Anu Beta Tubat pada dasarnya adalah praktek gotong royong, dimana beban satu orang sama-sama dipikul, yang dilakukan oleh masyarakat Maybrat di Provinsi Papua Barat. Anu Beta Tubat yang berarti bersama kita semua mengangkat suatu beban. Semangat gotong royong orang Maybrat ini sudah ada sejak zaman leluhur, dimana masyarakat bahu-membahu berswadaya mengatasi berbagai hambatan atau tantangan seperti membuka kebun atau ladang, menyekolahkan anak, pembayaran maskawin (mahar) atau denda adat menurut adat istiadat setempat, dan pembangunan rumah permanen.
Secara adat, Anu Beta Tubat telah berlangsung turun-temurun sejak masa silam hingga saat ini. Namun oleh Robert Isir dan Pdt. Herman Saud pada tahun 1983 dibentuklah Yayasan Anu Beta Tubat di Jayapura Ibu Kota Provinsi Papua.

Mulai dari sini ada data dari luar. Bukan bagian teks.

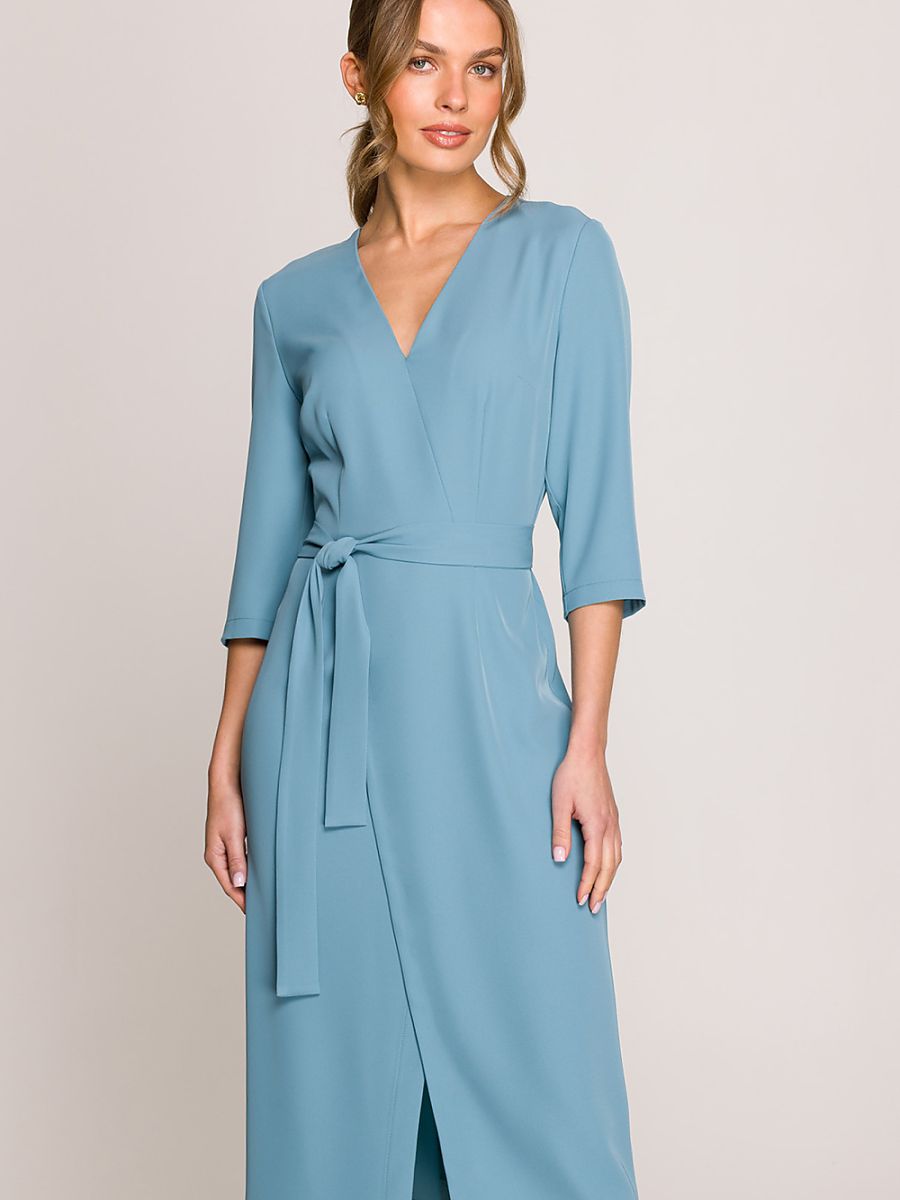  Daydress model 209115 Stylove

Hadirnya Yayasan Anu Beta Tubat menandai era baru pelestarian nilai-nilai budaya Maybrat yang tidak hanya dikenal oleh masyarakat Suku Maybrat saja, tetapi menjadi pengetahuan yang disebarkan dan dikenal oleh masyarakat Papua. Dalam urusan perkawinan yang memerlukan biaya besar terutama untuk urusan mas kawin berupa kain-kain timur yang mahal, keluarga besar gotong royong menanggung biaya tersebut, dengan harapan bila anak dari keluarga penyumbang menikahkan putranya dan harus menyiapkan maskawin, keluarga yang pernah menerima sumbangannya harus membalas.

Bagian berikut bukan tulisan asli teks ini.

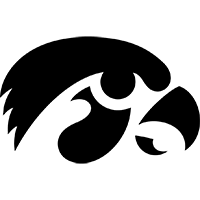 手感火热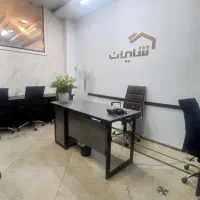 استخدام کارشناس املاک فعال در پاسداران|استخدام بازاریابی و فروش|تهران, پاسداران|دیوار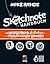 Das Sketchnote Handbuch (German Edition)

Tersebarnya kain tenunan tradisional yang disebut kain timur itu bermula tiga abad yang lalu, kain-kain itu dibawa oleh orang Portugis untuk dibarter dengan hasil alam Papua, seperti damar. Kain timur adalah tenunan ikat yang berasal dari Timor, Flores, Seram. Anu Beta Tubat atau gotong royong ditemui juga dalam bidang pendidikan. Untuk membiayai pendidikan anak, orang Maybrat di Papua Barat mengatasi kendala ketiadaan bangunan sekolah, kekurangan guru, membantu guru yang hidup pas-pasan, kesulitan anak didik melanjutkan ke jenjang lebih tinggi. Disitu di uraikan bagaimana dengan semangat gotong royong anu beta tubat, orang Maybrat bekerja sama, berkorban, demi pendidikan anak-anak mereka. Orang Maybrat bergotong royong membangun sekolah, mengumpulkan makanan untuk guru, membuka kebun untuk guru bercocok tanam, membangun asrama bagi anak-anak yang melanjutkan sekolah di kota, jauh dari kampung bahkan bergotong royong membantu biaya anak-anak mereka melanjutkan kuliah.